The challenge is to enable the program to remain valid and successfully retrieve the state from a real STM32F103 chip without altering the existing codebase. Fortunately, the PC platform offers powerful Dynamic Binary Instrumentation (DBI) tools, empowering developers to dynamically intercept and modify memory operations during runtime. In the context of peripheral operations, these DBI tools become instrumental. When a memory operation targeting the peripheral address occurs, these tools can intercept the operation.

int pin_PC0_value = GPIOC->IDR & 0x1;

During this interception, a DBI tool can load a value directly from the GPIOC peripheral register of the STM32F103 chip. With the aid of a debugger, for example, we can acquire the valid value from the physical hardware and seamlessly return it to the executing operation.

Intercept operation


It is important to note that not all DBI toolkits can interrupt memory operations. While there are various DBI toolkits available, only one option stands out for this particular task: Intel’s PinTool. Unlike other DBI tools, PinTool offers the capability to interrupt memory operations, making it a suitable choice for this approach.

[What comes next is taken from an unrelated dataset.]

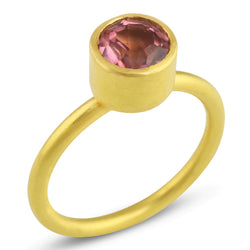 Pink Multi-Color Tourmaline Mid-Size Nesting Ring 6 3/4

In the pursuit of this approach, I have developed a proof of concept using PinTool. This example uses a custom plugin, designed for Intel PinTool. The plugin is engineered to dynamically intercept all memory operations executed by the instrumented PC program. Given that the X86 processor predominantly utilizes the mov instruction for memory-related tasks, the plugin intercepts every mov instruction during runtime.

C Asm intercepted code

It then examines the runtime arguments of these instructions, specifically focusing on address arguments, and comparing them against the addresses of the microcontroller’s peripheral registers. Once identified, the plugin takes the necessary steps to initiate the execution of the peripheral operation on the MCU.

Loading by address

To achieve this seamless execution, the PinTool plugin establishes communication with the debugger using either the OpenOCD server or the GDB server. Both servers offer robust APIs that enable developers to execute memory operations on the target device.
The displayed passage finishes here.